You can do this using MongoDB clients and drivers. MongoDB has libraries/drivers for major programming languages. You can use these libraries in your code to connect to remote instances. However, for this example, I’ll use a MongoDB client on a Ubuntu machine. You can install it with this command:

sudo apt install mongodb-clients

To connect from this machine (application server) to the remote MongoDB server (database server) you set up earlier, run this command:

mongo -u "YourAdminUserName" -p --authenticationDatabase admin --host 192.198.168.1

Replace YourAdminUserName with your actual username and 192.198.168.1 with your actual MongoDB server IP address. Then, enter your password when prompted.

So far, the MongoDB instance is running. But that doesn’t mean it’s going to keep running forever. How do you make sure the instance is running, healthy, and always available?

Evolving the Architecture

Now, I’ll show you how to keep your instance running and healthy.

At the moment, this what the architecture looks: img

This architecture is not the best. If the hardware fails and the database goes offline, your application will fail. Having a single MongoDB instance introduces a single point of failure.

To make this architecture more resilience, you should configure a replica set. A replica set is a set of MongoDB instances that shares the same data content. It contains a primary node and secondary nodes.

A replica set’s primary node is where write operations happen. The secondary nodes replicate data changes from the primary nodes.

A replica set in MongoDB is self-healing. The failover and recovery process is automated. When the primary node fails, a new primary node is elected using the Raft consensus algorithm. This means your database continues to be available, even in time of failure.

If you introduce replication, the new architecture becomes as follows:

img

You can improve on this architecture by distributing your replicas across multiple GCP regions such that when a region suffers an outage, you’re not affected.

Now, the question is, “How do you gain visibility into your clusters, monitor performance, and failure?” The answer is simple: monitoring.

Monitoring MongoDB Replicas

MongoDB from version 4 or later offers free cloud monitoring for standalone instances and replica sets. This monitoring includes operation execution times, memory usage, CPU usage, and operation counts.

The free monitoring is not only limited in metrics but also has a retention time of 24 hours. For more information on how to enable free monitoring, check MongoDB’s documentation on monitoring.

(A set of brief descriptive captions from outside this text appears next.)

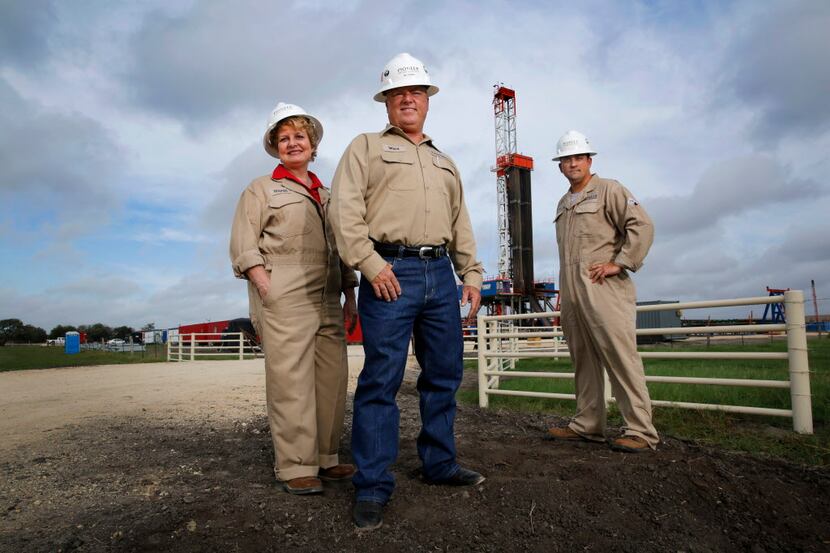 Top 100  Pioneer Natural Resources Senior Field Operations Manager Ward Belanger (center),...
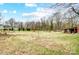 Expansive backyard featuring a storage shed and bordered by mature trees, offering a private outdoor space at 354 Baptist Church Rd, Gold Hill, NC 28071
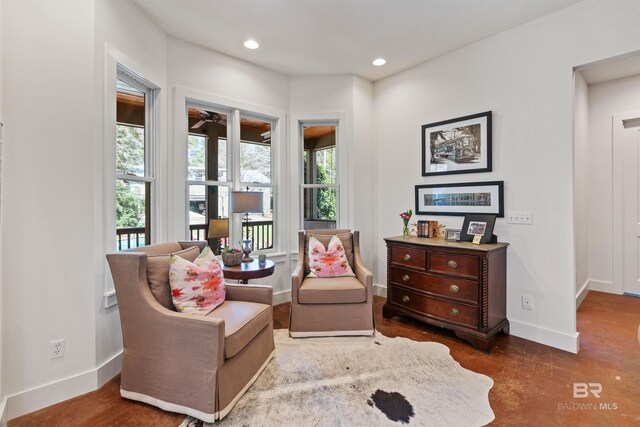 living area with recessed lighting, baseboards, and ceiling fan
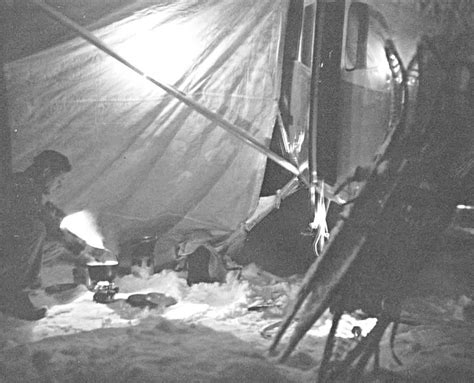 Free picture: man, bending, cook, stove, outside, plane, night, tarp, protection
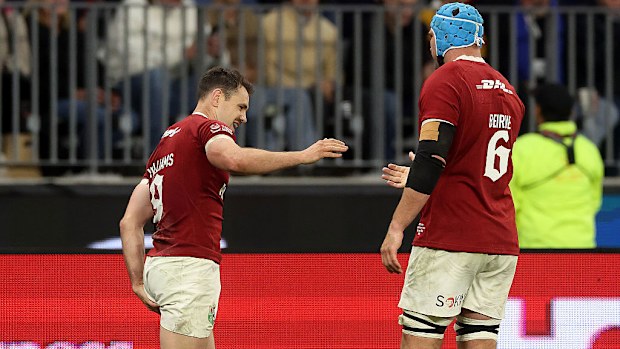 Tomos Williams of the British & Irish Lions holds his left leg after his second try.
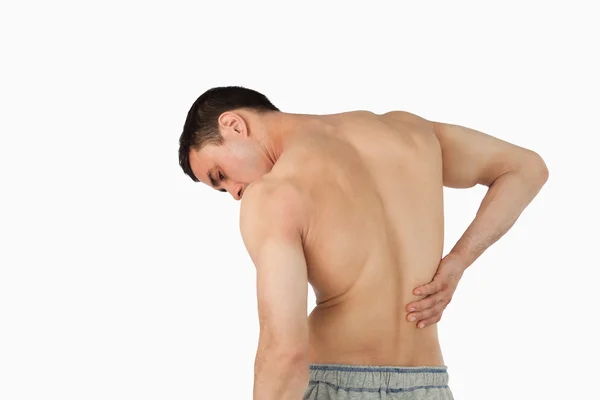 Погляд на людину, яка страждає від болю в спині — стокове фото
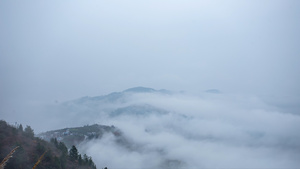 4K延时春雨绵绵山间云雾围绕宁静山村8秒视频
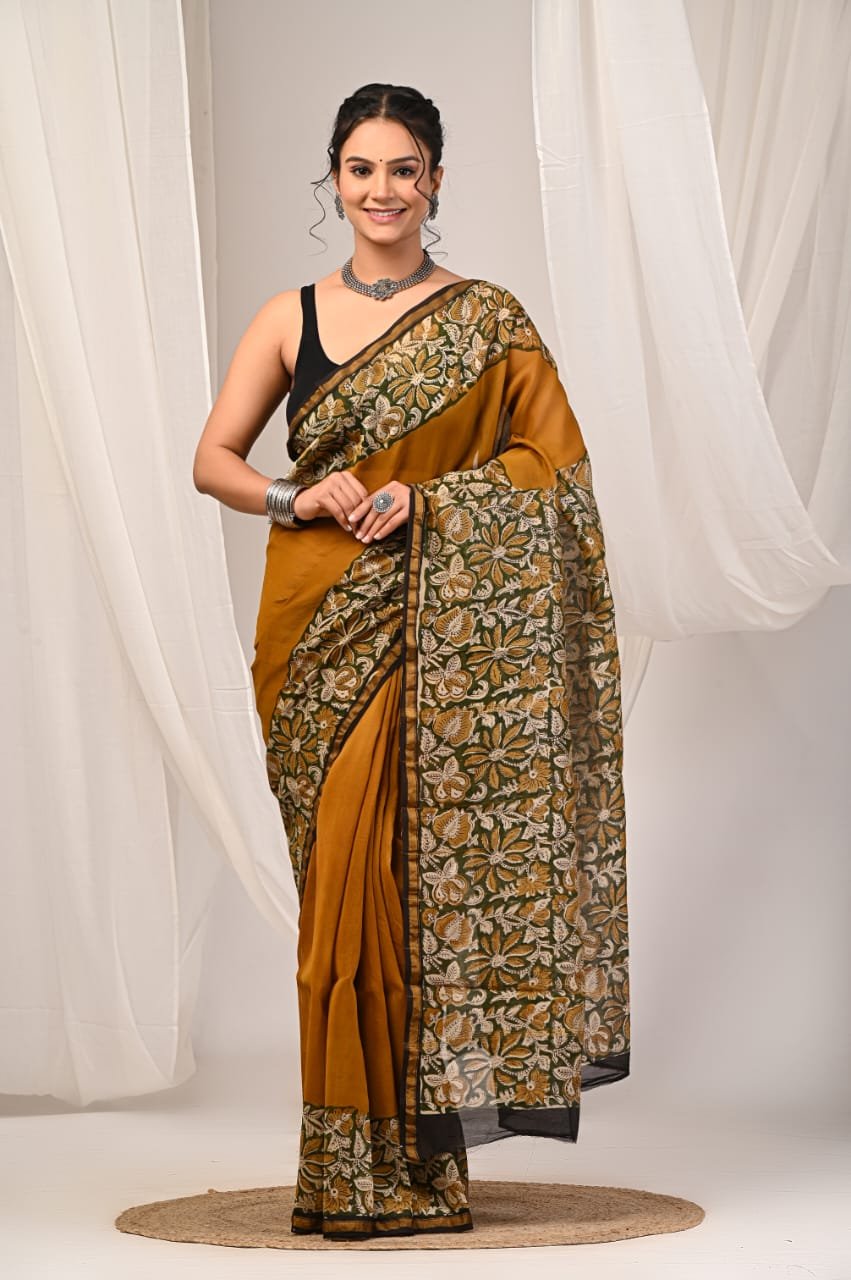 Mustard saree with green and ivory floral Bagru prints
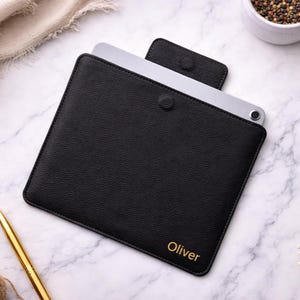 May include: A black textured leather tablet sleeve with a magnetic flap closure. The sleeve features the name Oliver embossed in gold lettering on the bottom right corner. A silver tablet is partially inserted into the black protective case.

If you’re running MongoDB in production, the free monitoring option might not cut it for you. You might want to opt into more advanced, paid services like

Conclusion

In this post, we’ve learned how to deploy MongoDB on Google Cloud Platform using the self-managed route. We also talked about architecting a highly available MongoDB cluster. We touched briefly on monitoring and paid services available for your use. We’ve covered a lot of ground!

To build on this knowledge I recommend you check out MongoDB’s security checklist, MongoDB’s documentation on administration, and Google Cloud’s article on designing robust systems. And remember to always choose the right tool for the job!